Another neat example of Crescendo parameters can be found in the wrapper around the Unix tar utility that, first, defines a prefix for the parameter and, second, specifies that the parameter should act as a bit switch:

      "Name" : "Detail",
      "OriginalName" : "-l",
      "ParameterType" : "switch"

Parameters configured with a "ParameterType" : "switch" type are not supplied with a value within the wrapper call. The user of the wrapper can only omit or use the parameter: If it is found in the call to the cmdlet generated by Crescendo, it will also show up in the call to the binary.

Once again, the next thing to do in the ifconfig example is to transpile the wrapper to create PowerShell code. Note that the commands are still running on Windows:

Export-CrescendoModule -ModuleName ".\ifconfig1.psm1" -ConfigurationFile ".\ifconfig. Crescendo.json"

PowerShell proves to be flexible in terms of script execution. Theoretically, nothing prevents you from adding your module to the Windows 10 workstation cmdlets cache (and executing it there):

Import-Module -Name .\ifconfig1.psm1

However, because of the lack of an ifconfig binary, the program fails to execute and outputs an error.

Running Crescendo Wrappers on Ubuntu

Ubuntu 20.04 LTS comes with a version of ifconfig.

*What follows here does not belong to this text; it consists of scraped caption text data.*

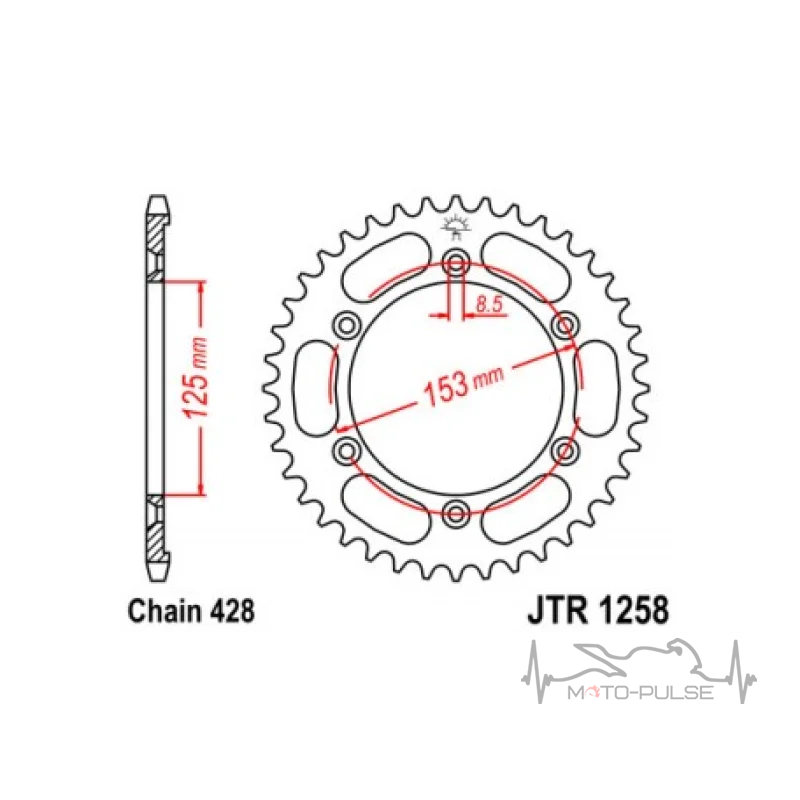 Звезда задняя JTR1258.54 Hondda XR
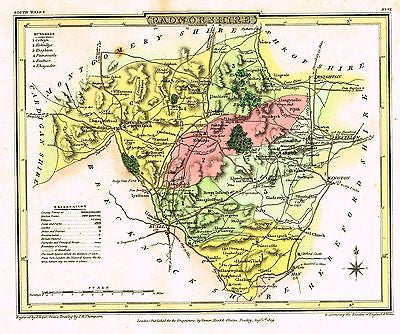Thompsos 'Map from Beauties of England' - "RADNORSHIRE" - H-Col Eng -1809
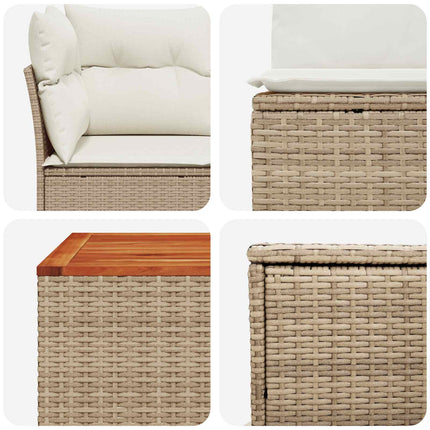 Soffset 6 st Beige och krämvit Poly Rattan och stål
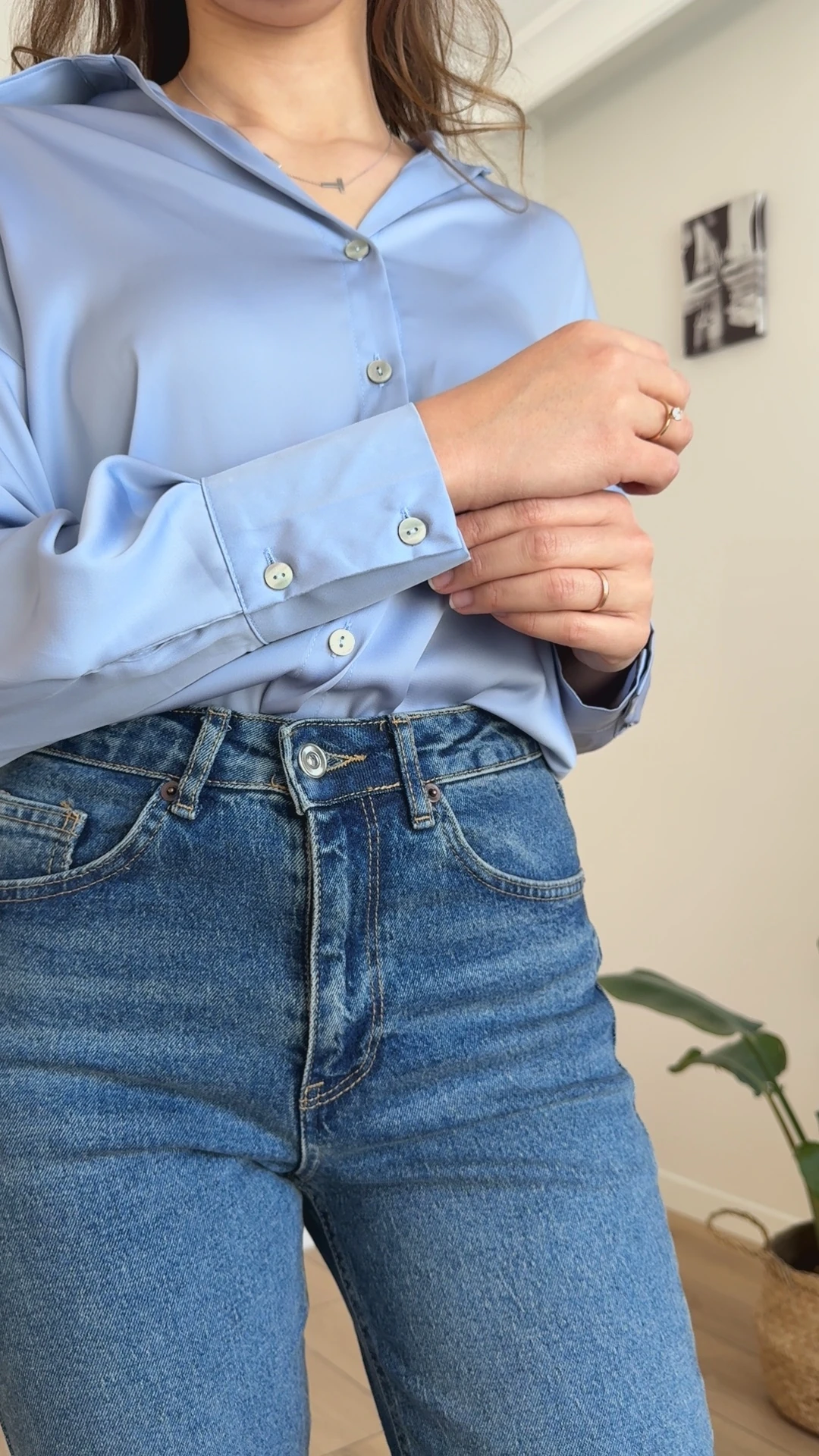 Saten Gömlek - Bebe Mavi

Unfortunately, Canonical does not equip the Linux distribution with a PowerShell interpreter out of the box, so you will need to install it:

sudo apt-get update
sudo apt-get install -y wget apt-transport-https software-properties-common
wget -q
sudo dpkg -i packages-microsoft-prod.deb
sudo apt-get update
sudo apt-get install -y powershell

Assuming everything works, you can launch PowerShell by typing pwsh. The next step is to transfer the files from the Windows workstation to the Unix machine and install them:

Import-Module -Name './ifconfig1.psm1' -Force

Now ifconfig can be called from PowerShell with Invoke-ifconfig (Figure 3). Thanks to the parameter declaration, you can also specify which network interface you want to run the command against (e.g., Invoke-ifconfig eth0).

Figure 3: The wrapper generated by Crescendo works fine on Ubuntu.